The CI process encourages frequent code integration and provides fast feedback on whether the changes result in a deployable software version. The first phase builds and tests the new software version and should let a developer know within 5 minutes if their changes have caused a problem. Longer-running tests are deferred to a later phase, but still precede any manual steps to ensure people don’t waste time on a bad software version.
The CD part of the pipeline automates the delivery of the software to different environments, ensuring the steps to deploy the new version are repeatable, reliable, and secure. This ensures the same process is used for all deployments and prevents outages caused by configuration errors.
What are the differences between Continuous Integration, Continuous Delivery, and Continuous Deployment?

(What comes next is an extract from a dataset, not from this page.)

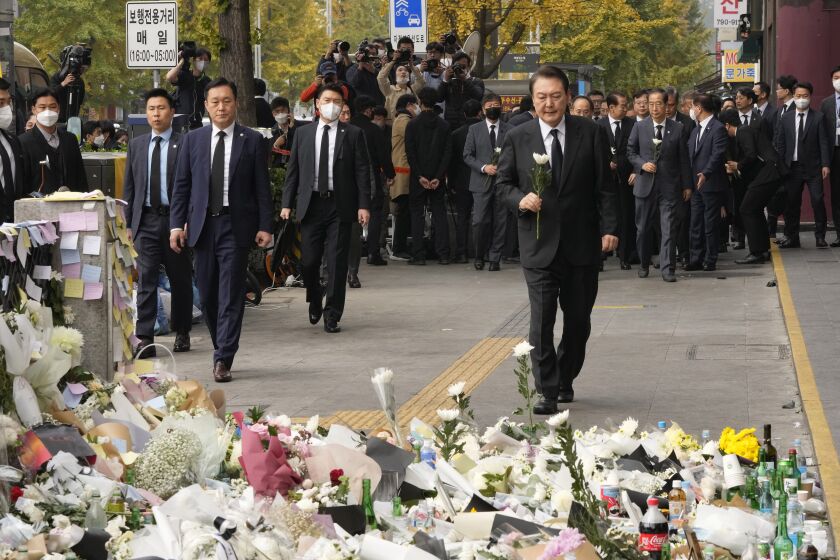 El presidente surcoreano Yoon Suk Yeol, derecha, rinde homenaje a las víctimas de una estampida letal ocurrida durante las festividades de Halloween en una calle cercana al lugar de la tragedia, el martes 1 de noviembre de 2022, en Seúl, Corea del Sur. (AP Foto/Ahn Young-joon)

Continuous Integration (CI) involves frequently integrating code changes into the main branch in a shared repository, enabling automated build and testing. This practice aims to identify integration issues early, reducing the complexity of merge conflicts and bugs. Each change triggers an automated build to create a new software version, with unit and integration tests that check that the code changes haven’t broken the system.
Continuous Delivery (CD) takes the new software version and moves through all the steps required to deploy it to production. This usually involves steps that increase the organization’s confidence in the new software version, some of which may be manual.
Continuous Deployment (CD) is a flavor of Continuous Delivery where the entire deployment pipeline is automated. Each change that passes the automated validation steps is deployed to production automatically.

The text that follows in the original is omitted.